──────── DATA SHOWN ────────
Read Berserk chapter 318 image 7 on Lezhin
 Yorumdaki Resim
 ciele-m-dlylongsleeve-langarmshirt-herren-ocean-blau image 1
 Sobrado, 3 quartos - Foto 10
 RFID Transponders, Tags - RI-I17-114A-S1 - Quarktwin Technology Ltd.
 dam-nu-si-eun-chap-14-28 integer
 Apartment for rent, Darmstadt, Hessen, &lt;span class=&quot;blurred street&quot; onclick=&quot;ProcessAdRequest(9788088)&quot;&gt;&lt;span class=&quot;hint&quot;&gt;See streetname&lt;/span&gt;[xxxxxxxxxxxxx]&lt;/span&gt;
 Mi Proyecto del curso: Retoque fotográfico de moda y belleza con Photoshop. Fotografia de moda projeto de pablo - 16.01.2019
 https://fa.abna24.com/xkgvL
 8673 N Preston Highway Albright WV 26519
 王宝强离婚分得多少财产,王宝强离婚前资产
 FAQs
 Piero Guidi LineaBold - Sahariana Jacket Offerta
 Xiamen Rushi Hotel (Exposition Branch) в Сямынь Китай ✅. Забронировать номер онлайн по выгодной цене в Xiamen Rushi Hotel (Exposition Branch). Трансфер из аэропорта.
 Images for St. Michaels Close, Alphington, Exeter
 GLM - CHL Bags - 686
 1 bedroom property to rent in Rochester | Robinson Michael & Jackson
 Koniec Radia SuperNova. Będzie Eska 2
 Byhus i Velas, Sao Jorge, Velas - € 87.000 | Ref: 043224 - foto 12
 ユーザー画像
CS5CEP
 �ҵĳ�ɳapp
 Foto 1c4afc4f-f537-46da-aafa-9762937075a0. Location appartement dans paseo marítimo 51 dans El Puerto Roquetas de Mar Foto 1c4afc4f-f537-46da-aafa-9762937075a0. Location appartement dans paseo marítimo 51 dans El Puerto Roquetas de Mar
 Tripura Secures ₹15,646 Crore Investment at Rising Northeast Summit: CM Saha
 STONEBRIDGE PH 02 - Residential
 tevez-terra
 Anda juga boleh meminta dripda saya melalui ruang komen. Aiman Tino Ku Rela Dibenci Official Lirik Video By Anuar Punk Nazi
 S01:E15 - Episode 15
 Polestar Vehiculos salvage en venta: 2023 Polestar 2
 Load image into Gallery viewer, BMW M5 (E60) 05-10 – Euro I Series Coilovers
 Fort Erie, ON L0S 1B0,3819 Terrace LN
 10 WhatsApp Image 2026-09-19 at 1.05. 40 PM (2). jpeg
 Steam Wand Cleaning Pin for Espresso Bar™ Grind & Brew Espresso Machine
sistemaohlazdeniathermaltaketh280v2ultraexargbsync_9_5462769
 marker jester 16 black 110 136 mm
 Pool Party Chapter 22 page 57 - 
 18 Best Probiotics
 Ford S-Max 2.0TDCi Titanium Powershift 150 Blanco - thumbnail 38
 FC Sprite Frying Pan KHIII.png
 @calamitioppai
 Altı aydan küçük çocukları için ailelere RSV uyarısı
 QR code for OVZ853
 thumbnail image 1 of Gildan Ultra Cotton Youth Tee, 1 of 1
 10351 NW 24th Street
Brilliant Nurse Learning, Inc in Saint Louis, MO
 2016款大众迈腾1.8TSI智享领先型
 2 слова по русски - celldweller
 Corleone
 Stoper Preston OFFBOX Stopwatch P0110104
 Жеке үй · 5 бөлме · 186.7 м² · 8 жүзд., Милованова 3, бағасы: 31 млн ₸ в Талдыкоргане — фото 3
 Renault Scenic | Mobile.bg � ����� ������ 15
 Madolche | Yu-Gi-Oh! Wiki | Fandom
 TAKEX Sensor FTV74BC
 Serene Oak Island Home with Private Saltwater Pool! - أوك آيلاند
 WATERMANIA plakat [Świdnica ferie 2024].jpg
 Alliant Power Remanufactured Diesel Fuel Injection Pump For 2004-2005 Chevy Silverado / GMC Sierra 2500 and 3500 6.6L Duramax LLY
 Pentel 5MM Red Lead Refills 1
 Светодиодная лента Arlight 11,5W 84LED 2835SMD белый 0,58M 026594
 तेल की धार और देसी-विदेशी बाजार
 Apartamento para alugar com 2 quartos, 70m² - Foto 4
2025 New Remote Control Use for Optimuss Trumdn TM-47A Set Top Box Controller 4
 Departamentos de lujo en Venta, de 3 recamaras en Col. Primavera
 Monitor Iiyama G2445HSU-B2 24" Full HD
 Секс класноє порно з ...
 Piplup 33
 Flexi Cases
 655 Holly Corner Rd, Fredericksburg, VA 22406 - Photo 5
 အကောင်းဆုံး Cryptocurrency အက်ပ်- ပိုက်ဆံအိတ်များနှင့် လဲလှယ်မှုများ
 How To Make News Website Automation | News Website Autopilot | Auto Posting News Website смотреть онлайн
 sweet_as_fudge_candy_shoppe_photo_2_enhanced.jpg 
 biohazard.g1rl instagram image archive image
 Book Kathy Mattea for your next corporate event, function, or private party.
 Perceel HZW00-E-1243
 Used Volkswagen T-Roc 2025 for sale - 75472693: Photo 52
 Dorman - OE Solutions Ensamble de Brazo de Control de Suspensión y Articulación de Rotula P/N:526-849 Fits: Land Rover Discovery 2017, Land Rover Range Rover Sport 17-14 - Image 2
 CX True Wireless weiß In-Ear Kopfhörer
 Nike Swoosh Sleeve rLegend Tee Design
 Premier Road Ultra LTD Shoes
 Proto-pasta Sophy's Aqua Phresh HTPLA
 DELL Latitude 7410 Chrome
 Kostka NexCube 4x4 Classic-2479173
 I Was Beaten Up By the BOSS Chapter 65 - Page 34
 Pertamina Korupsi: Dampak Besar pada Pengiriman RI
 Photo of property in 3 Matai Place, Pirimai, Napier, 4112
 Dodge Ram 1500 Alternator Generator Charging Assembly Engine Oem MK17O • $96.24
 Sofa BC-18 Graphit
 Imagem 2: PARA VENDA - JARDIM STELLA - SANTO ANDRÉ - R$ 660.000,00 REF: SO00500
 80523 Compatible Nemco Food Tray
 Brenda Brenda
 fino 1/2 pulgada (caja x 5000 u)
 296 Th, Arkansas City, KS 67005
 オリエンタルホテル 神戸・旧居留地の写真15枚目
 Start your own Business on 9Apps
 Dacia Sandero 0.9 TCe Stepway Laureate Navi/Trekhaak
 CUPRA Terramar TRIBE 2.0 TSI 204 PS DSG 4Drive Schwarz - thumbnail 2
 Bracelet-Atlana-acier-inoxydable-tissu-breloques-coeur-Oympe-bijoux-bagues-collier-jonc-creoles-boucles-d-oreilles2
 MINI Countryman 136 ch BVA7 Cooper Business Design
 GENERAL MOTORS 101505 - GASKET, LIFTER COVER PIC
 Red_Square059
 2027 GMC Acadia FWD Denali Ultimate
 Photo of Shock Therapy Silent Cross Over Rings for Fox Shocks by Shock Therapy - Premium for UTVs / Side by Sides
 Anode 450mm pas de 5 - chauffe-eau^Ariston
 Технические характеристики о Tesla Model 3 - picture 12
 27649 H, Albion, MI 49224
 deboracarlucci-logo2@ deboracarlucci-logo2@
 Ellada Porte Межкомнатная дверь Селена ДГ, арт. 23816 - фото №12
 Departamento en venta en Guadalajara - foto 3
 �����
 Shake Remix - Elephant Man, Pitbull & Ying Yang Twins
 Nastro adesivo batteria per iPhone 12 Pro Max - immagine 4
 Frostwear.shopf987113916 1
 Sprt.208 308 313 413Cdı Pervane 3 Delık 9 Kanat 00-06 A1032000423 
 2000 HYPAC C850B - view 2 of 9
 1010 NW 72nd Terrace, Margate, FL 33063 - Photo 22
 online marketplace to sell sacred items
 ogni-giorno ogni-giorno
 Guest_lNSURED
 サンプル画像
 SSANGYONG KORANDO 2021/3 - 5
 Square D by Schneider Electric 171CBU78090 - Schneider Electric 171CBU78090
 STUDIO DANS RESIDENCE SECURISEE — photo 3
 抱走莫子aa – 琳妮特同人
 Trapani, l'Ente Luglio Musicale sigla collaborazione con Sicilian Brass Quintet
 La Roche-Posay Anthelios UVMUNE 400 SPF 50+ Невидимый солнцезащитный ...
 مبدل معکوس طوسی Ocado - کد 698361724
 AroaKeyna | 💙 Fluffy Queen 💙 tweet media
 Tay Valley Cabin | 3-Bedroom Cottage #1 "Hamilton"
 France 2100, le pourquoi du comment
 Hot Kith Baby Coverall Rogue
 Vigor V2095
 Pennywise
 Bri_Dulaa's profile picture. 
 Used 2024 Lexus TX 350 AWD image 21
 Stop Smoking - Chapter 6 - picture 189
────────
| WORK TASK |
Copy the records above exactly, beginning at the line that contains "Anode 450mm pas de 5 - chauffe-eau^Ariston" and stopping after the line that contains "ogni-giorno ogni-giorno".

| RESPONSE TO THE TASK |
 Anode 450mm pas de 5 - chauffe-eau^Ariston
 Технические характеристики о Tesla Model 3 - picture 12
 27649 H, Albion, MI 49224
 deboracarlucci-logo2@ deboracarlucci-logo2@
 Ellada Porte Межкомнатная дверь Селена ДГ, арт. 23816 - фото №12
 Departamento en venta en Guadalajara - foto 3
 �����
 Shake Remix - Elephant Man, Pitbull & Ying Yang Twins
 Nastro adesivo batteria per iPhone 12 Pro Max - immagine 4
 Frostwear.shopf987113916 1
 Sprt.208 308 313 413Cdı Pervane 3 Delık 9 Kanat 00-06 A1032000423 
 2000 HYPAC C850B - view 2 of 9
 1010 NW 72nd Terrace, Margate, FL 33063 - Photo 22
 online marketplace to sell sacred items
 ogni-giorno ogni-giorno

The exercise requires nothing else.